- EXTRACTED ENTRIES -

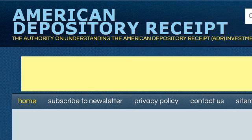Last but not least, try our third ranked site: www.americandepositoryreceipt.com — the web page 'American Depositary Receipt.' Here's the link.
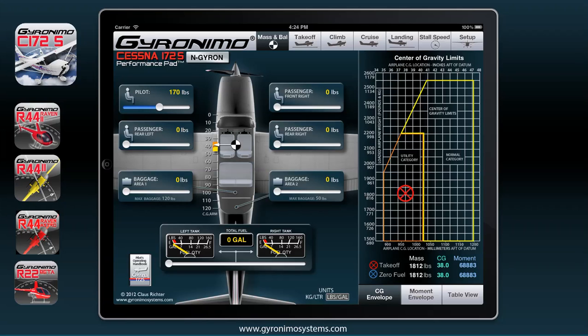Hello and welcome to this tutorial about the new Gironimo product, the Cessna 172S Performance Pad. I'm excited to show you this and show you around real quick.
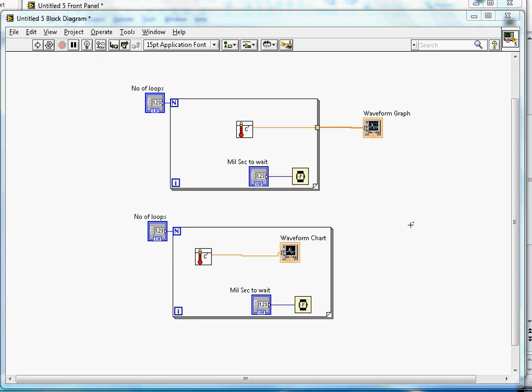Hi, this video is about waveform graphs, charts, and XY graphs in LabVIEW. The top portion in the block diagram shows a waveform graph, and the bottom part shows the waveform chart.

---

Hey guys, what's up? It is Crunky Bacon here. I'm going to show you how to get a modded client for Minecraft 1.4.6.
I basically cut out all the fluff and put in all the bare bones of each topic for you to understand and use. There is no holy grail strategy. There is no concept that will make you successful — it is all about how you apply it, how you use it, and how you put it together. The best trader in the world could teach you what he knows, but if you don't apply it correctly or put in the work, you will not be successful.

- EXERCISE DETAILS -
From the entries above, restate word for word the lines from the line containing "Hey guys, what's" to the line containing "I basically cut", both ends included, and nothing more.

- ANSWER TO THE EXERCISE -
Hey guys, what's up? It is Crunky Bacon here. I'm going to show you how to get a modded client for Minecraft 1.4.6.
I basically cut out all the fluff and put in all the bare bones of each topic for you to understand and use. There is no holy grail strategy. There is no concept that will make you successful — it is all about how you apply it, how you use it, and how you put it together. The best trader in the world could teach you what he knows, but if you don't apply it correctly or put in the work, you will not be successful.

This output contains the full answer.